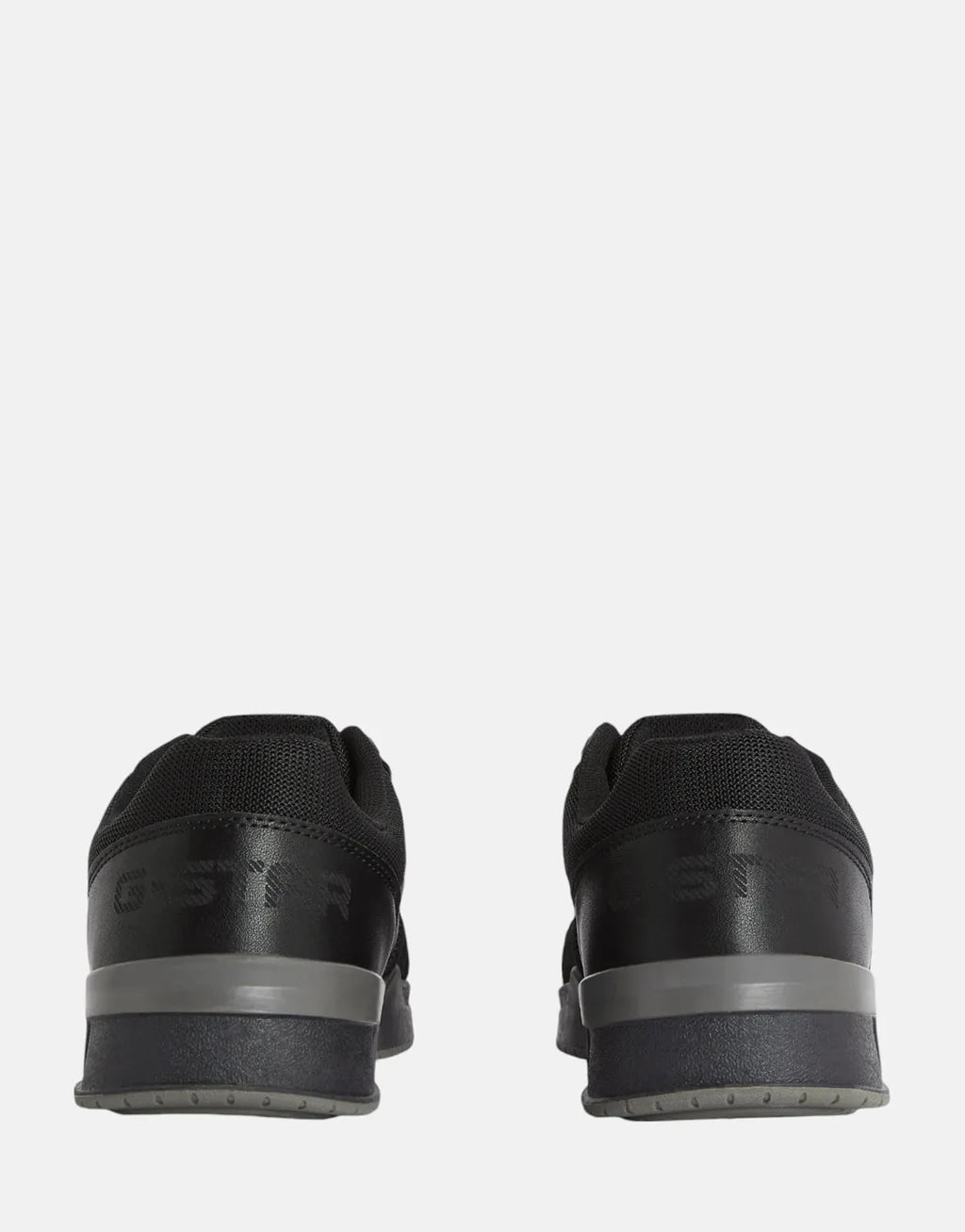 G-Star RAW Carrick Low Cup Black Sneakers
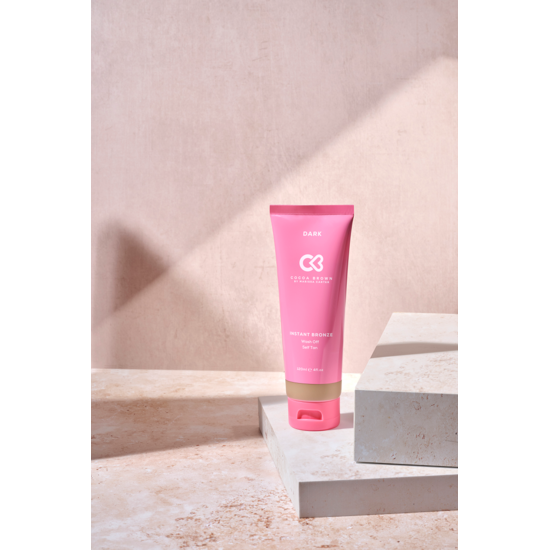 Cocoa Brown Instant Bronze Dark 120 ml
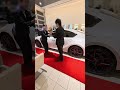 【納車】2回目!?新型レクサスIS 納車式で皆んなに祝ってもらった!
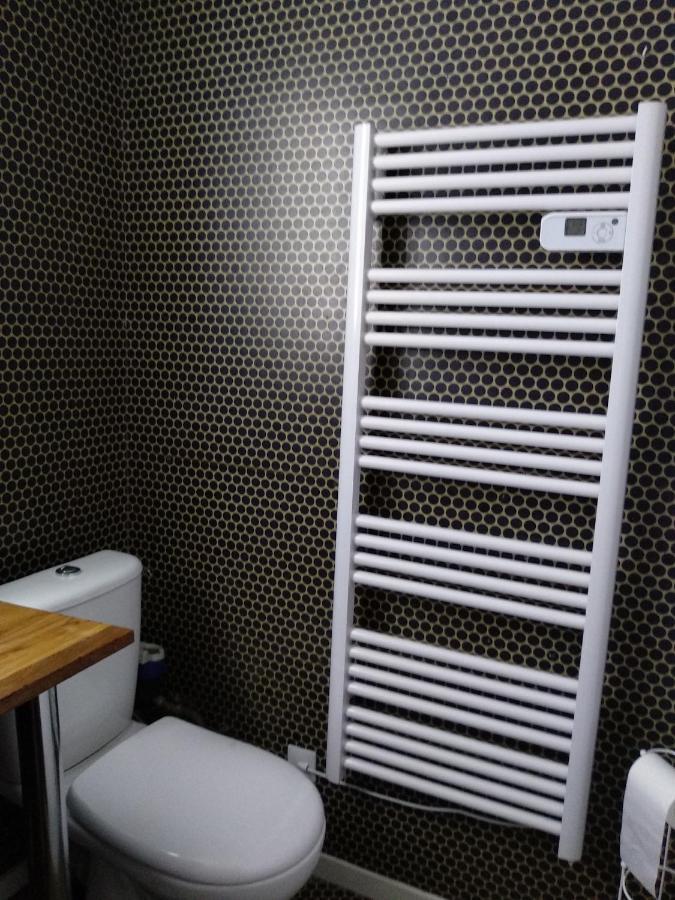 Duplex Vieux Port Appartement Complet 4 Couchages Climatise Entire Apartment 2 Beds For 4 Persons Marseille Kültér fotó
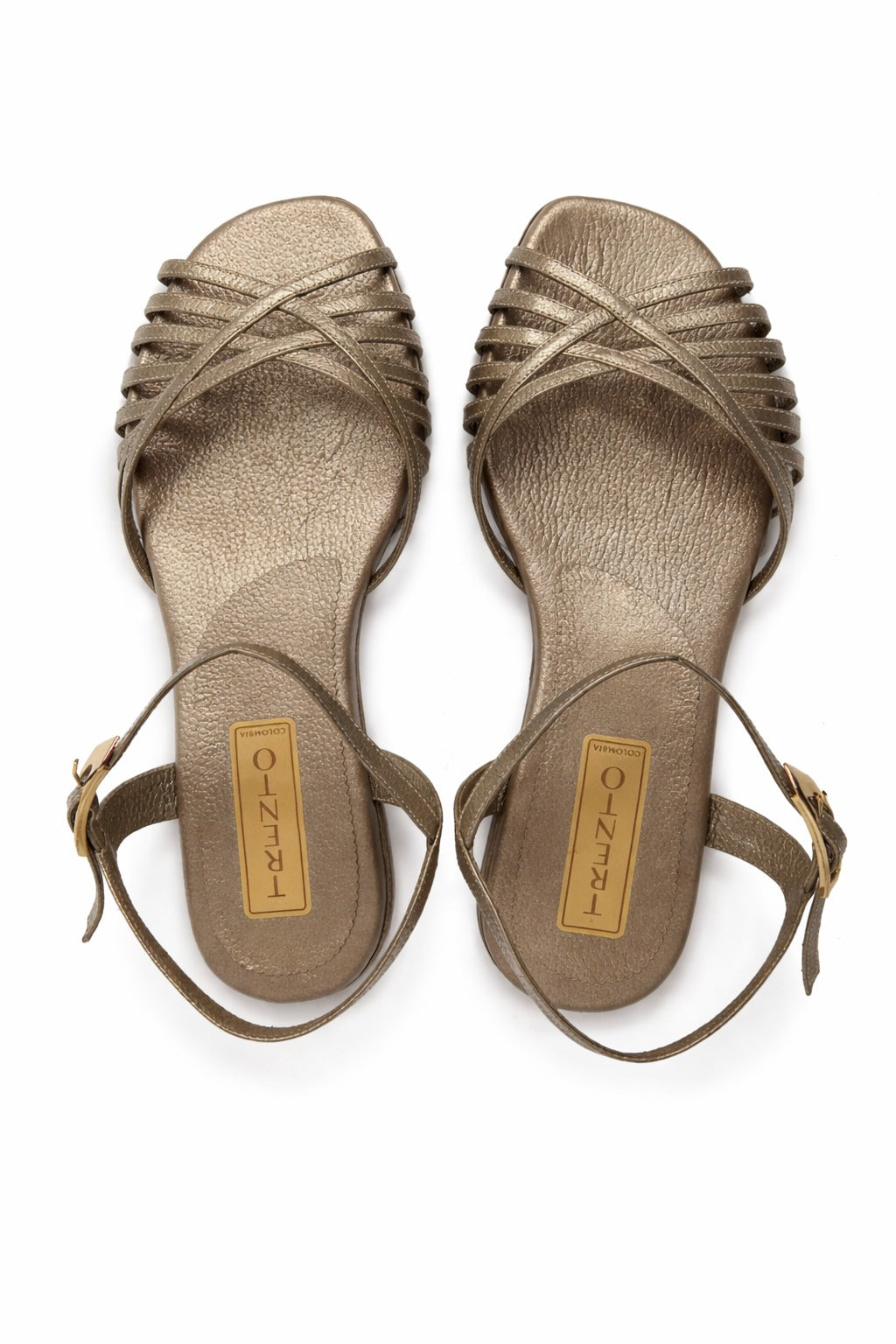 Matera Sandals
^^^^
■ What the task requires: Reproduce the data above verbatim, minus any images.

■ Task response:
 G-Star RAW Carrick Low Cup Black Sneakers
 Cocoa Brown Instant Bronze Dark 120 ml
 【納車】2回目!?新型レクサスIS 納車式で皆んなに祝ってもらった!
 Duplex Vieux Port Appartement Complet 4 Couchages Climatise Entire Apartment 2 Beds For 4 Persons Marseille Kültér fotó
 Matera Sandals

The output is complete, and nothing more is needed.